IF IT WERE ME:  I would be more worried about activity than sales initially.  At a minimum, the outside sales person should be making three appointment calls per day at least four days per week, every week.  He/she should be a member of one or two trade associations and attending the meetings to get more appointments. He/she should be in a business networking group like BNI.com and working the service lanes.  I know six ways to find commercial business right in the dealership that the commercial sales consultant should be working.  I was once asked by a dealer, “How long before I will know if my commercial sales person is going to be successful?” My answer was “the first 30 days.”  If this person is performing all the outside and inside activities we demand, he/she will start selling trucks.  If they don’t do the activity in the first 30 days, they never will.  Find someone who will.

CRITICAL COMPONENT 6: Target marketing works!  You don’t have to spend a ton of money like on the retail side, but you do have to target market to specific segments.  Marketing should be based on what you have in stock and directed toward companies who own what you have in stock.  Don’t market vans if you don’t have vans.  There are endless ways to target market that are too numerous to mention in this article.  We send electronic newsletters out to clients and prospects for dealerships and get great results.  Why? The newsletters are targeted.  One recent newsletter got a 59% open rate (unheard of!), and a call from a customer to tell the sales consultant “great newsletter!” Numerous commercial managers and commercial sales staff have told us how effective the newsletters are in getting sales and customer responses.

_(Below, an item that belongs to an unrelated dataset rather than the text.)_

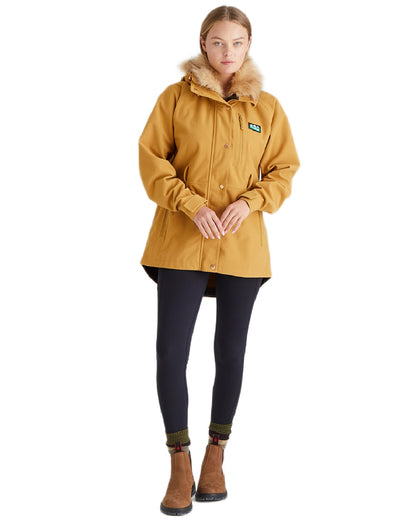 Ochre Coloured Ridgeline Ladies Monsoon Nordic Jacket on white background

An essential part of my marketing program would absolutely include Work Truck Solutions and Commercial Truck Trader. Simply put, they have built the most useful and most powerful tools I’ve seen in my time in the industry! If you work the programs correctly, you would guarantee sales every month. If it doesn’t work, it’s because the commercial staff did not use the tools properly.

IF IT WERE ME:  I would have a complete marketing plan in place before I ever hired a sales person.  If you don’t know how, write me at ken@coachkentaylor.com and I will send you a complete sample.  Great marketing in commercial sales costs very little but gets great results.

FINAL COMMENTS: 

The average upfront gross on commercial units is 3 to 4 times more profitable than retail.  With the advent of Cars.com, TrueCar.com, Cargurus, Carvana, and other portal websites, the upfront gross on retail continues to drop while commercial has remained steady.  Most of our dealerships average over $1400 upfront gross and even higher on medium duty and hard to find work trucks with unique upfits.

When you truly get down to the bottom line of success, it can be summed up in one word: Relationships. The relationships are built on trust, integrity, and a passion for the business.  Now, go out and sell some trucks and vans!